Each guard module has four attributes.

Attribute

Type

Description

type

Enum

user-defined type of the guard module, specifying the category of guards that it holds. Every guard module can be exactly one of the four currently supported types: security, moderation, privacy, and integrity (experimental)

methods

List

describes which methods are to be used in the guard module. Possible methods depend on the type selected, and can be chosen from the list of methods under that type.

early-exit

Boolean

determines if the guard runs in “early-exit” mode, i.e, stop execution as soon as one of the methods in guard has the flagged the query

run-parallel

Boolean

determines whether methods in the guard are executed in parallel. (Default is False)

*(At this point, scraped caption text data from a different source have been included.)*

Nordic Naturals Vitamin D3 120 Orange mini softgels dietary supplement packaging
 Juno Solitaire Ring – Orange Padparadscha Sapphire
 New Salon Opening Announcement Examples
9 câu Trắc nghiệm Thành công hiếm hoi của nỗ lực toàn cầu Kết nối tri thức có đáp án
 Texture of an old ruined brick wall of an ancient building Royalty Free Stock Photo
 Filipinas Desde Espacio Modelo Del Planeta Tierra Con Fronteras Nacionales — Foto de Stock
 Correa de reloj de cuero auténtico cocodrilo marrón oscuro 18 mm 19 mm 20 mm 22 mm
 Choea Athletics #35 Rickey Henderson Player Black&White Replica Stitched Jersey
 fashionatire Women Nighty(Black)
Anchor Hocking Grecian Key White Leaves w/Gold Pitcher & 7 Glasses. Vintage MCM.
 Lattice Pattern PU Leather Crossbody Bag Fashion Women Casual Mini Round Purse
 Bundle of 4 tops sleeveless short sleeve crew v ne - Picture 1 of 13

Finally, to customize a configuration at the method-level, you need to create a new field with the name <MODULE-NAME>.<METHOD-NAME>. In the example above, prompt-injection.security-llm describes the configuration settings for the security-llm method of the prompt-injection guard module. This configuration scheme lets users create custom settings for different groups and use the same method with different settings in a guardrail. See the next section for detailed instructions on the options available for each method.